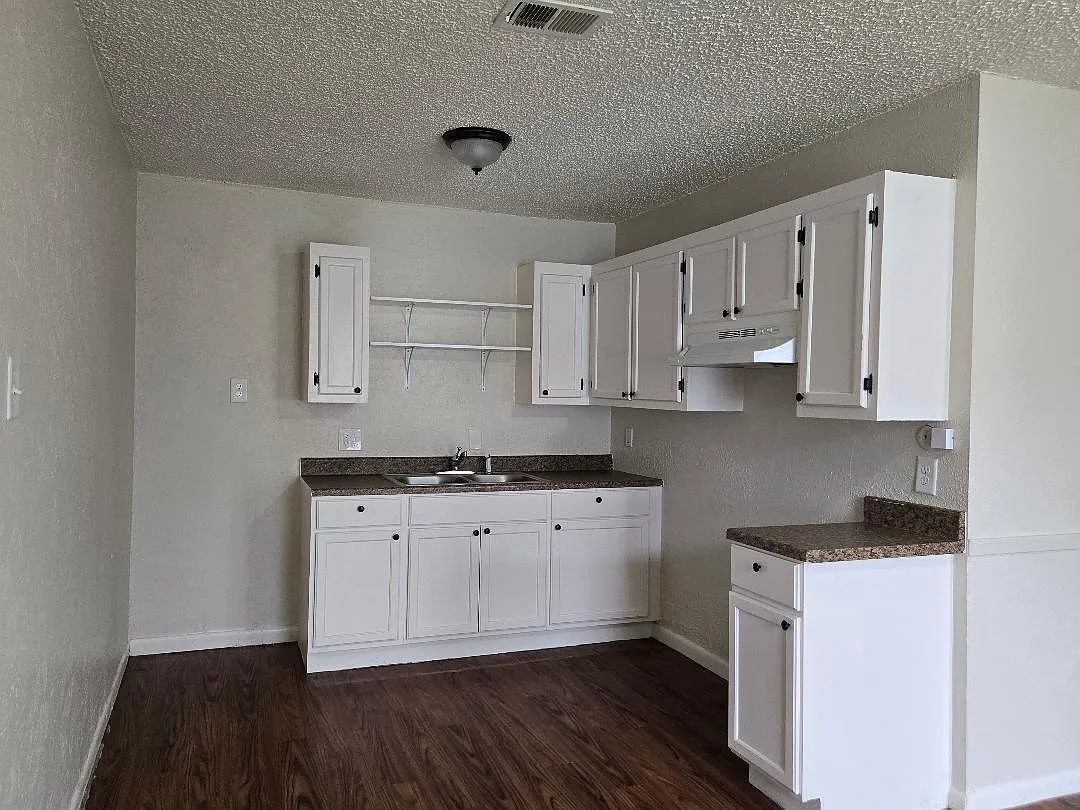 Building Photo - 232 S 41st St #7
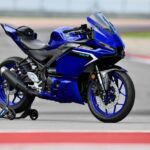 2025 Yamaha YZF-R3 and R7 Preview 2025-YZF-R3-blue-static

--

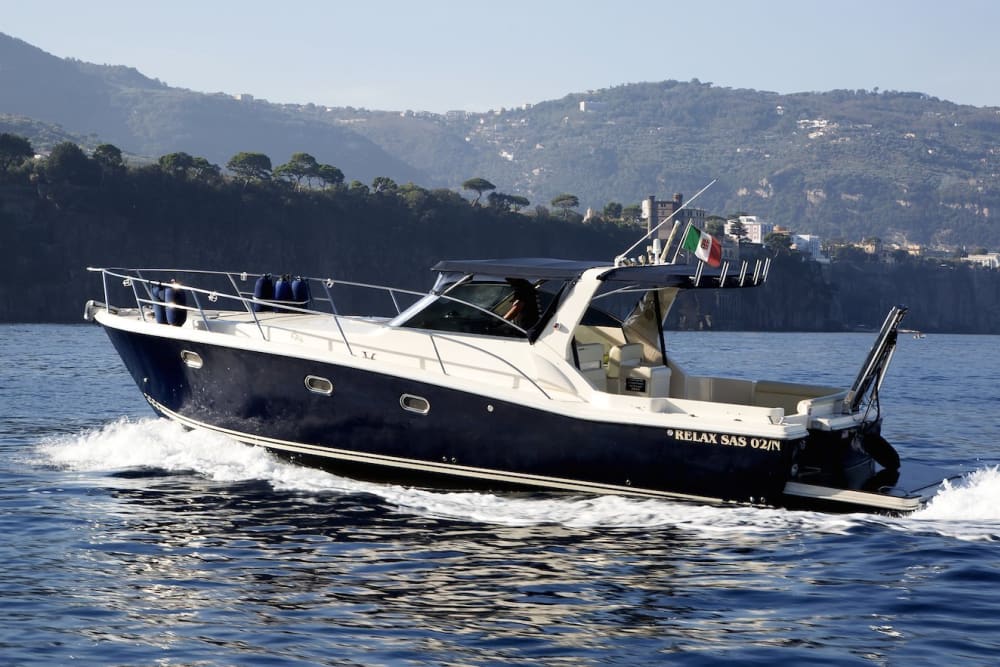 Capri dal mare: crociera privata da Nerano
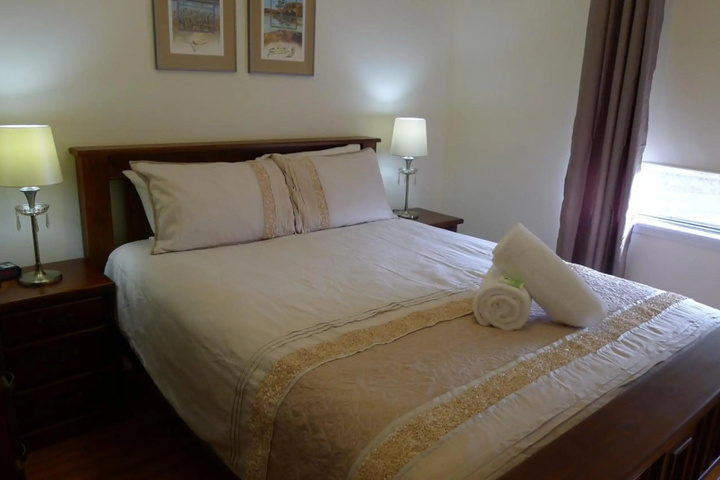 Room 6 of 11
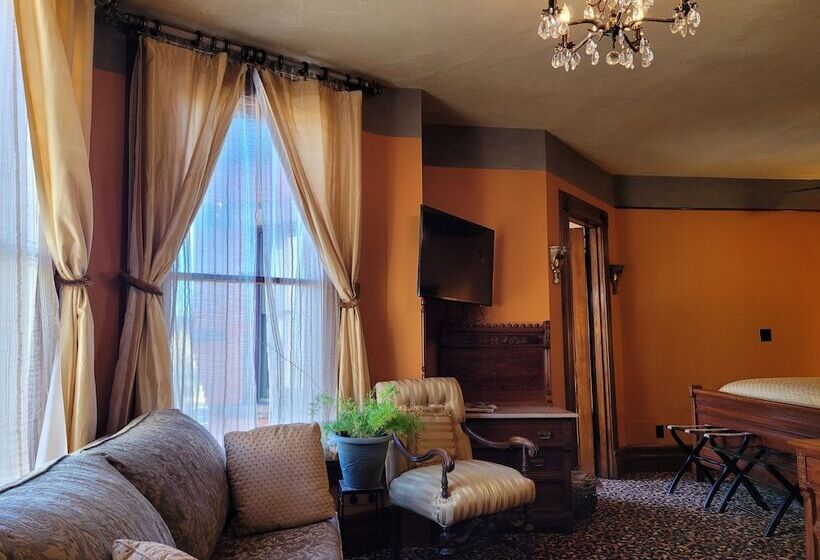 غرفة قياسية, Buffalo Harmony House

---

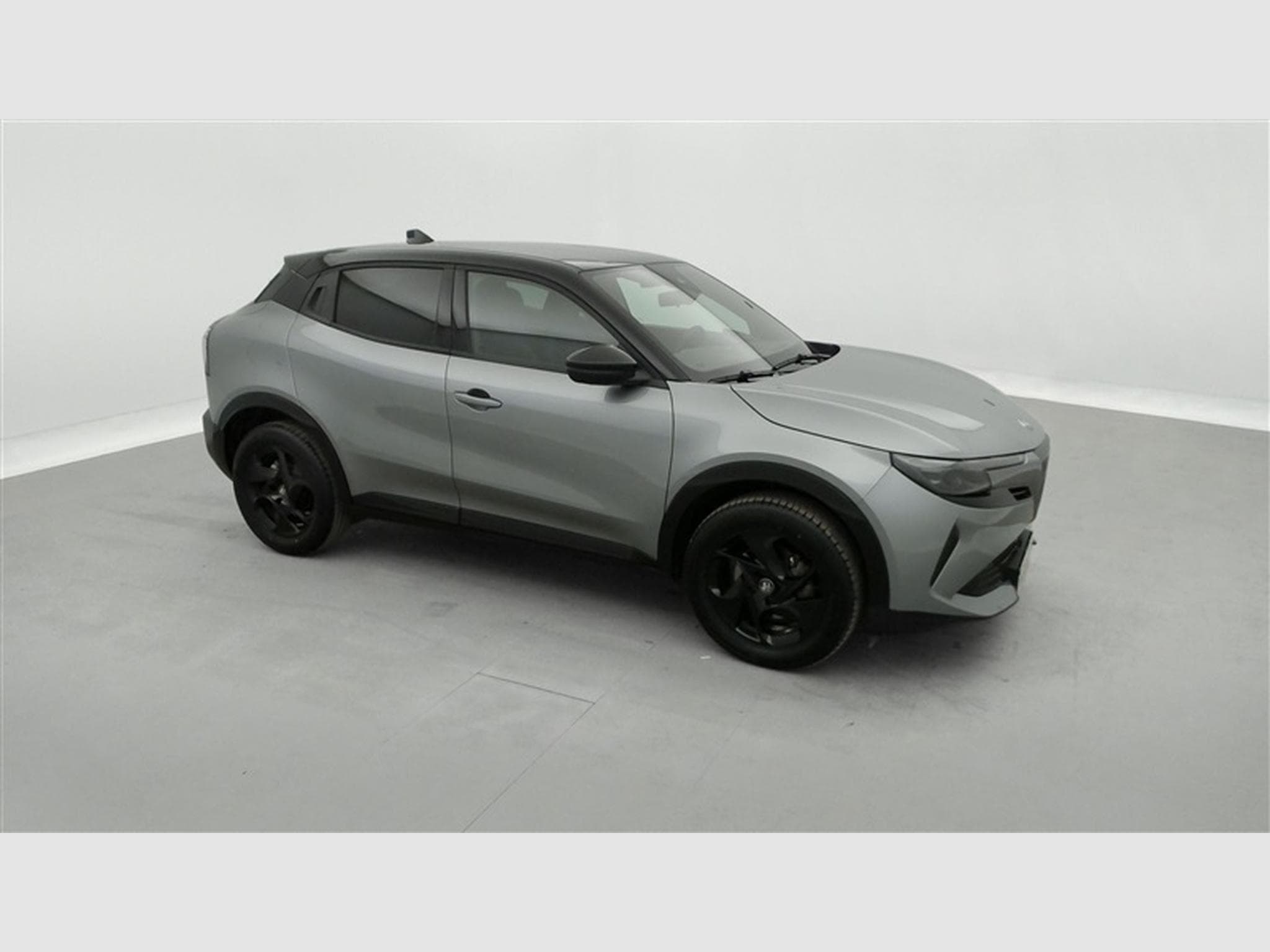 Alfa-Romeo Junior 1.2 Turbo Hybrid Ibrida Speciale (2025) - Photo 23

# [WHAT YOU SHOULD DO]
All lines above starting at the one with "Building Photo - 232 S 41st St #7" and ending at the one with "2025 Yamaha YZF-R3", inclusive, are to be printed again exactly, with the pictures left out.

# [EXERCISE SOLUTION]
 Building Photo - 232 S 41st St #7
 2025 Yamaha YZF-R3 and R7 Preview 2025-YZF-R3-blue-static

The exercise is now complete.